- Pitseng Geographic Center of Community
- Coordinates: 29°00′35″S 28°15′27″E﻿ / ﻿29.00972°S 28.25750°E
- Country: Lesotho
- District: Leribe District
- Elevation: 5,505 ft (1,678 m)

Population (2006)
- • Total: 18,948
- Time zone: UTC+2 (CAT)

= Pitseng =

Pitseng is a community council located in the Leribe District of Lesotho.
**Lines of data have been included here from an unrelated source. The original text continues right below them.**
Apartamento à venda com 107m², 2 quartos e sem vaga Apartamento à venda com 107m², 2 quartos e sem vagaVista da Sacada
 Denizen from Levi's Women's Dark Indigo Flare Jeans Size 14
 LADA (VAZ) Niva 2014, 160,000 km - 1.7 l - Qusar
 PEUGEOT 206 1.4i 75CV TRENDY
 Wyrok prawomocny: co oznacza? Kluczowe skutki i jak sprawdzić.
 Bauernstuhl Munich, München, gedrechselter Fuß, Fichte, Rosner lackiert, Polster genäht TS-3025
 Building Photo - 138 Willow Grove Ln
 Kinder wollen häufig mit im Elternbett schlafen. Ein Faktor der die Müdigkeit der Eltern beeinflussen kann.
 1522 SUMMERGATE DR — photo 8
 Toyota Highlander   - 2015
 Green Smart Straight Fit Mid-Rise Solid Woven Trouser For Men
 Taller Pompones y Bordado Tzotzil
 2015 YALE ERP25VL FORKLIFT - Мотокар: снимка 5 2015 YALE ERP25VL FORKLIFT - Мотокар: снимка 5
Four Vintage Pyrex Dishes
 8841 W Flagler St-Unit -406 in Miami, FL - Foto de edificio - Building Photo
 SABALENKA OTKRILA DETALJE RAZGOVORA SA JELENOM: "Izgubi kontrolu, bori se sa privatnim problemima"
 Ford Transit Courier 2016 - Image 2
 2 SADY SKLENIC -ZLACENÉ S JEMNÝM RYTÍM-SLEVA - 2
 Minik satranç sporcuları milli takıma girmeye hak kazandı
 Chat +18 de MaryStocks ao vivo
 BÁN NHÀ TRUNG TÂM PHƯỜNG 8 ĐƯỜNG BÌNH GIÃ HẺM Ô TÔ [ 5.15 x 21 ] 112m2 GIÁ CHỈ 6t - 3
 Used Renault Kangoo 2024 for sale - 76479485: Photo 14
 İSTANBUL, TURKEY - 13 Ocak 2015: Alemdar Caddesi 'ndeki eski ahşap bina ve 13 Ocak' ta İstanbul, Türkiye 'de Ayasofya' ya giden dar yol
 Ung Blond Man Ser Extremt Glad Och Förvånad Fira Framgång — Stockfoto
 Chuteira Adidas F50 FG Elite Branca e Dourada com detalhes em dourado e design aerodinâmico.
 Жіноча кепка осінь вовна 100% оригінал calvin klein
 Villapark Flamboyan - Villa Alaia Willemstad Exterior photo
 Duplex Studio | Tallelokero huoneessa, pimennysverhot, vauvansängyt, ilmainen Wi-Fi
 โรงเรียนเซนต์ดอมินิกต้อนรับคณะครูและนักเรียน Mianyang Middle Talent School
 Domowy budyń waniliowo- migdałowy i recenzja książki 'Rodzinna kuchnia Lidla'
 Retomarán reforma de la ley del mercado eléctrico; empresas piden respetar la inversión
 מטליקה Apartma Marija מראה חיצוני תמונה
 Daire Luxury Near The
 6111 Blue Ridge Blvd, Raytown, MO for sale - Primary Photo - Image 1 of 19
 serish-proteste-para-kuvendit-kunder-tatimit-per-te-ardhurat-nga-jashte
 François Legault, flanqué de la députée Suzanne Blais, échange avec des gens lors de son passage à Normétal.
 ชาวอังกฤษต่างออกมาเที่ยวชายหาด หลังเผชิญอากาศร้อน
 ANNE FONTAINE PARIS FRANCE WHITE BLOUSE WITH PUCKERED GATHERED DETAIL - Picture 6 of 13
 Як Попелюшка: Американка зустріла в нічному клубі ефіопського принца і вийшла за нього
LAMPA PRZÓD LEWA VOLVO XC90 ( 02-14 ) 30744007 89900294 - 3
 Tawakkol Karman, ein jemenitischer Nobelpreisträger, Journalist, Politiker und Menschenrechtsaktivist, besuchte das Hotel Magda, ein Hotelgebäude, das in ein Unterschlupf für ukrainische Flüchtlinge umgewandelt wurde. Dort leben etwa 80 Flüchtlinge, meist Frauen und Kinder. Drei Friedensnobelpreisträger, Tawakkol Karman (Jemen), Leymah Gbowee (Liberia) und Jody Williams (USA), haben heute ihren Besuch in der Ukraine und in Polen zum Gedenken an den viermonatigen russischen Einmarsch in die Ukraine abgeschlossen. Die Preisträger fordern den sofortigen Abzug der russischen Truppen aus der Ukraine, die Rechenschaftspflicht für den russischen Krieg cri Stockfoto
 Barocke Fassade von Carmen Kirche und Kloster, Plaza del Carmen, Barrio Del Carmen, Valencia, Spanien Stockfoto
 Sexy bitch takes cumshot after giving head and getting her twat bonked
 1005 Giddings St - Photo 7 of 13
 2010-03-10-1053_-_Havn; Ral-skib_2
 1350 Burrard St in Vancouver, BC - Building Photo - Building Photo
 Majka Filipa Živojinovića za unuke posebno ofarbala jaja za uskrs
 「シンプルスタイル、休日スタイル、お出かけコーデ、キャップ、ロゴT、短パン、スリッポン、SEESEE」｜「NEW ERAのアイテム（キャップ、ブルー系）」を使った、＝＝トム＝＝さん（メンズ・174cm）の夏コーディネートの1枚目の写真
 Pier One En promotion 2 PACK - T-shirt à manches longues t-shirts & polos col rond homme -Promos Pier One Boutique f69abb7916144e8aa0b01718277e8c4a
The population in 2006 was 18,948.

==Villages==
The community of Pitseng includes the villages of Bolahla (Ha Mahloane), Ha 'Makena, Ha 'Mamanka, Ha Botšo, Ha Filipi, Ha Jorotane, Ha Khomoatsana, Ha Khopa, Ha Lota, Ha Mahloane, Ha Majara, Ha Makape, Ha Makateng (Pitseng), Ha Makhata, Ha Miro, Ha Moepi, Ha Mofoka (Masaleng), Ha Mohatonyane, Ha Monate, Ha Mosebo, Ha Motingoe, Ha Mphasa, Ha Mphenyeke, Ha Mpshe (Ha Piletso), Ha Nchee, Ha Nkoana, Ha Ntoere (Pitseng), Ha Ntsebe, Ha Piletso (Mafaleng), Ha Rampesa, Ha Rantšala, Ha Raphoka, Ha Senyokotho, Matlameng, Ha Shekoe, Ha Tau, Ha Tefo, Ha Tjooeng, Hlokoa-Le-Monate, Khoaba-La-Eja-Bohobe, Khoabakhoaba (Pitseng), Lekhalong (Pitseng), Lilibaneng, Lipohong, Litooaneng, London (Pitseng), Phomolong, Pontšeng, Sekoaing, Tiping and Vukazenzele (Pitseng).

==Education==
Pitseng hosted the Leadership Camp, which was sponsored by the organization Help Lesotho. Pitseng has two schools that are twinned with schools in Canada, also helped by Help Lesotho. The schools in Pitseng are Guardian Angel Primary School and Pitseng High School. They are twinned with Rockcliffe Park Public School, in Ottawa, the capital of Canada (Guardian Angel) and Gulf Islands Secondary School, in Salt Spring Island, British Columbia (Pitseng High). Guardian Angel was the first school in Lesotho to be twinned with a school in Canada.
Pitseng is located in the Leribe district. It is under the chieftaincy of Chief Khethisa Tau the son of the late Chief Seoehla Khethisa Tau. There is a Roman Catholic Mission named Pontmain which is run by Sisters of Charity of Ottawa. At present there is another school on the way to Katse dam named after the Great Chief Khethisa and is called Khethisa High School, it is a well performing school under the Lesotho Evangelical Church. This school was established in 1979.